A metáfora do burro do moleiro


Tocado que sou pelo ADN dos velhos sábios transmontanos que esgrimem as metáforas quase tão bem como os sábios gregos, há sempre uma que me ocorre, quando se perfilam cenários de novos cortes em pensões e aumento da carga tributária sobre os portugueses, especialmente quando, como agora, a realidade das famílias mostra já a exaustão no seu limite.

Neste contexto, ocorre-me, pois, a metáfora do burro do moleiro, narrada pelo povo antigo nos seus impulsos ajuizadores do descaminho a que a governação leva o país. Conta-se em Trás-os-Montes que havia um moleiro que, ao sentir o seu negócio a andar para trás, lembrou-se de que a culpa era do burro. Dizia que lhe andava a comer de mais. Achou, por isso, conveniente habituá-lo a comer menos. E foi o que fez. Todos os dias lhe ia diminuindo à ração, embora o trabalho continuasse a ser o mesmo. O moleiro, é claro, cada vez estava mais animado com os resultados, até porque, nesse andar, o burro acabou por se desabituar de comer, o que o deixou ainda mais satisfeito. O negócio agora era só lucro. Por fim, sem forças, pois já não se alimentava, o burro morreu. E que aflição agora a do moleiro! Pôs-se então em altos gritos: "Ai, meu burrinho, meu burrinho, / quando me estavas a render / é que te lembrou de morrer!"

Sábio e mordaz, este povo, no uso das alegorias, há sempre nelas um sugestivo quadro de metaleituras que assenta bem na realidade que se vive. Uma realidade que demonstra em absoluto o destempero, ou o masoquismo, das medidas avulsas de austeridade que nem sequer impedem a dívida pública de continuar a aumentar. Uma realidade que levou, há dias, Adriano Moreira a apelar à meditação dos agentes políticos, assinalando as exemplares provas de civismo da população em relação ao resto da Europa, mas lembrando que a "fadiga tributária" chegou ao limite.

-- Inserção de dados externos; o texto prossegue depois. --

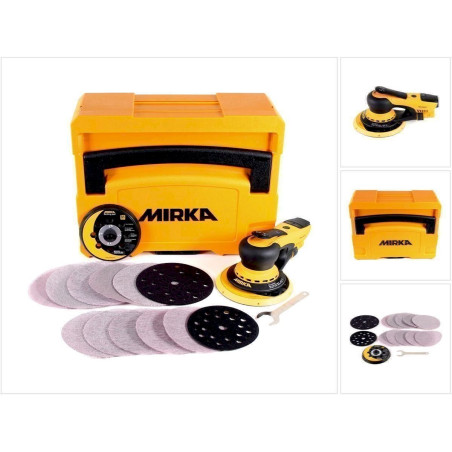 Mirka DEROS 5650CV Exzenterschleifer 125mm/ 150mm 5,0 Hub Brushless + systainer ( MID5650202CA )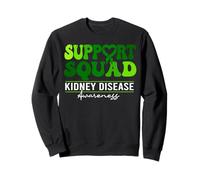 Kidney Disease Awareness support squad kidney disease groovy Sweatshirt
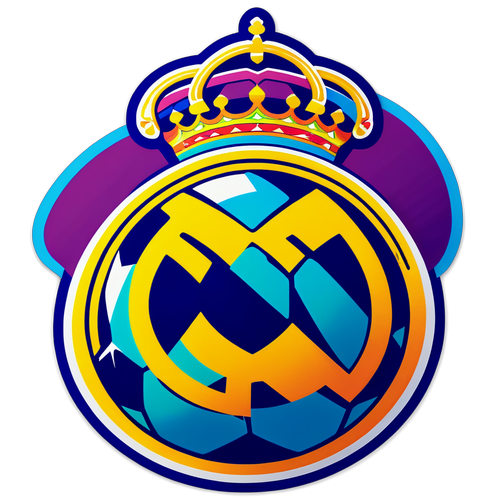 ¡Impactante! El Logo de Real Madrid Renace con Colores Vibrantes y un Balón de Fútbol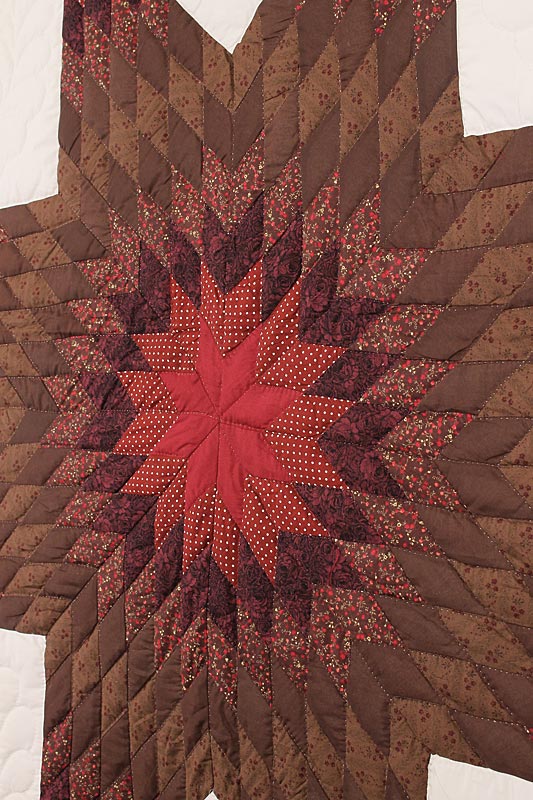 Broken Star Patchwork Amish Quilt 105x112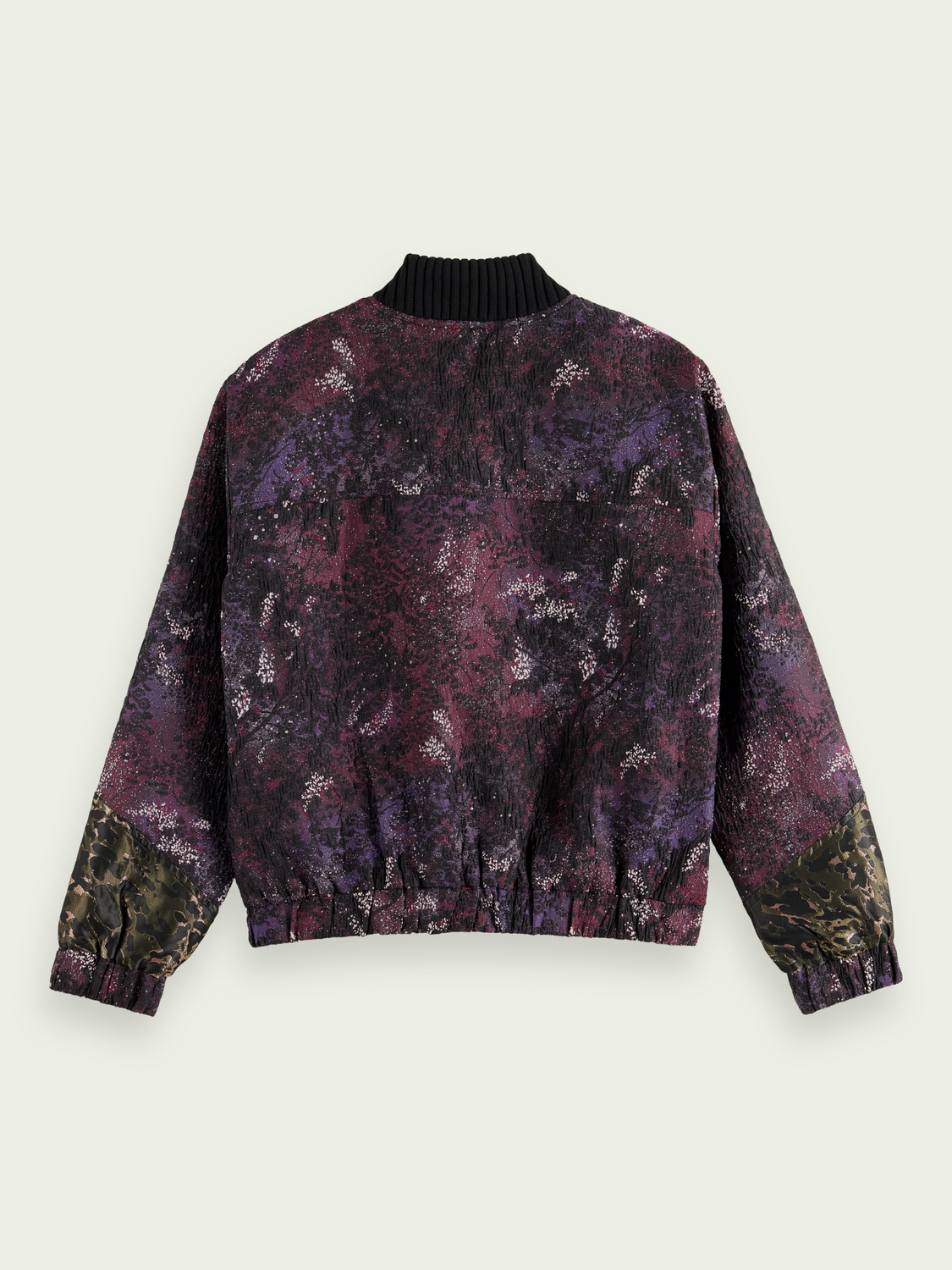 Printed Jacquard Bomber Jacket | scotch & soda outlet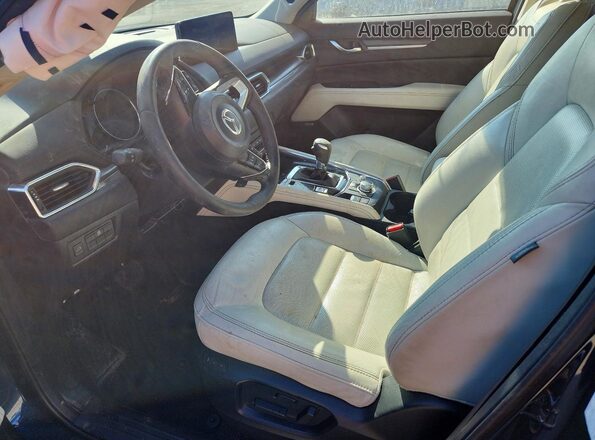 JM3KFBDM3N0536939 2022 MAZDA CX-5 Blue წინა სალონის ხედი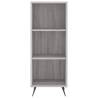 Highboard Grey Sonoma - Stylish Engineered Wood Storage Solution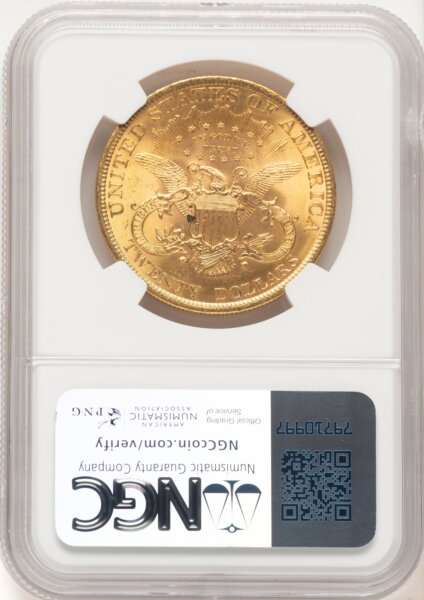 1900 $20 65 NGC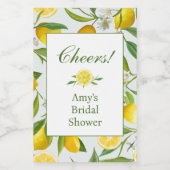 レモンメインスクイズミニワインボトルラベル ワインラベル (シングルラベル)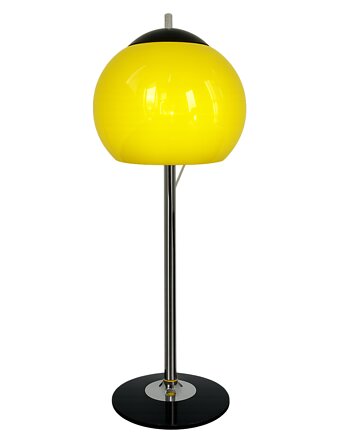 Lampa stołowa Space Age, lata 70., metal / szkło / tworzywo, 62 cm, Relikt design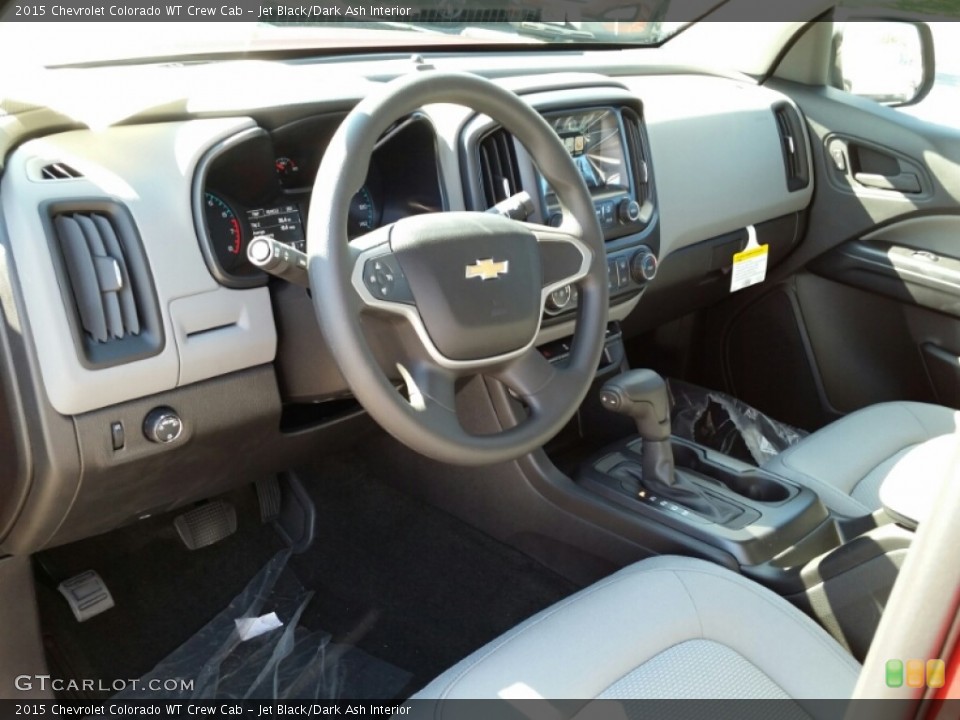 Jet Black/Dark Ash Interior Prime Interior for the 2015 Chevrolet Colorado WT Crew Cab #106357382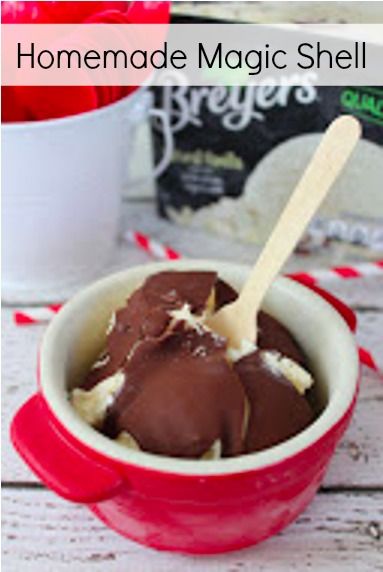 Homemade Magic Shell Ice Cream Topping - Super easy to make!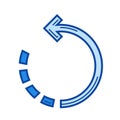 Rotate image line icon.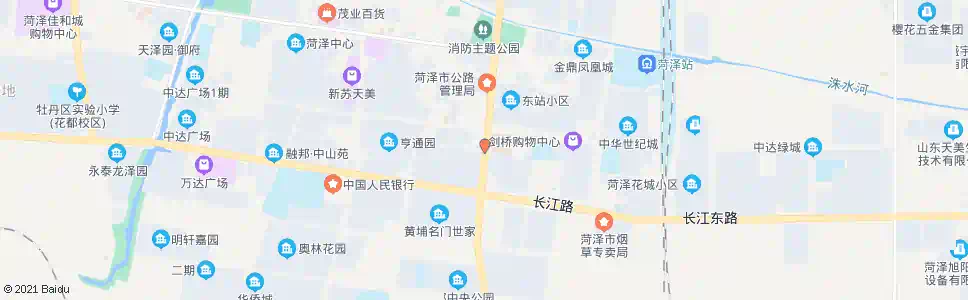 菏泽开发区中心医院_公交站地图_菏泽公交_妙搜公交查询2025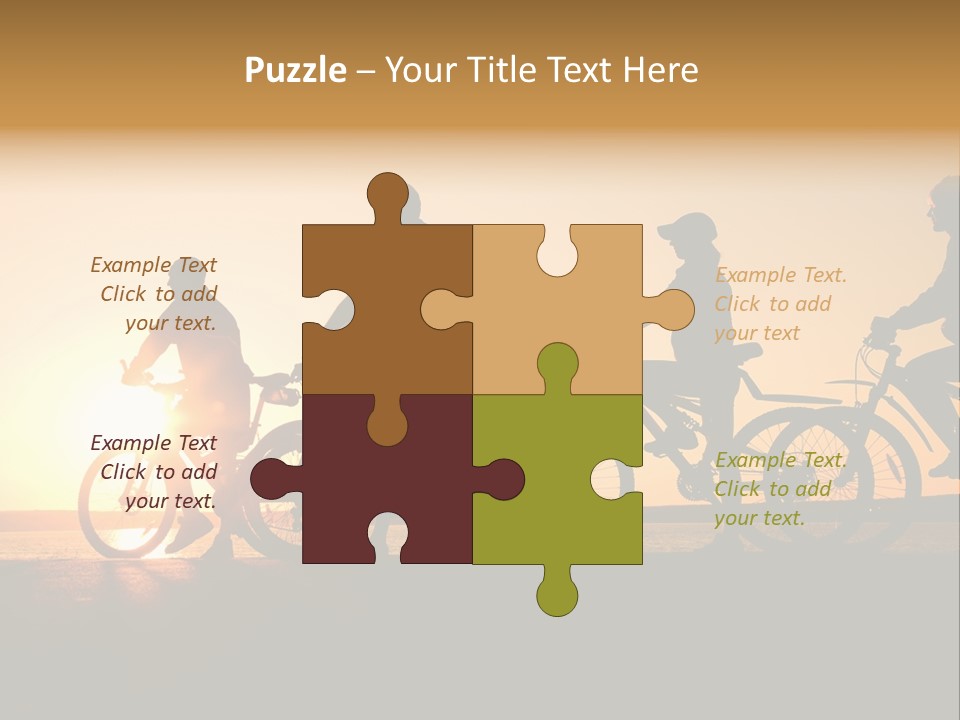 Friends Healthy Sunset PowerPoint Template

E quando agora se apresenta um Programa de Estabilidade 2015-2019, para cujo cumprimento se anunciam mais cortes, especialmente nas pensões, a pergunta que se faz é: cortar mais em quê e em quem? Continuar a tirar a quem menos pode, a quem não tem armas nem corporações para se defender, a quem já não pode emigrar para assegurar o seu sustento... já não é só desumano, é infernal.

Continuar a tirar a quem menos pode, a quem não tem armas nem corporações para se defender, a quem já não pode emigrar para assegurar o seu sustento... já não é só desumano, é infernal.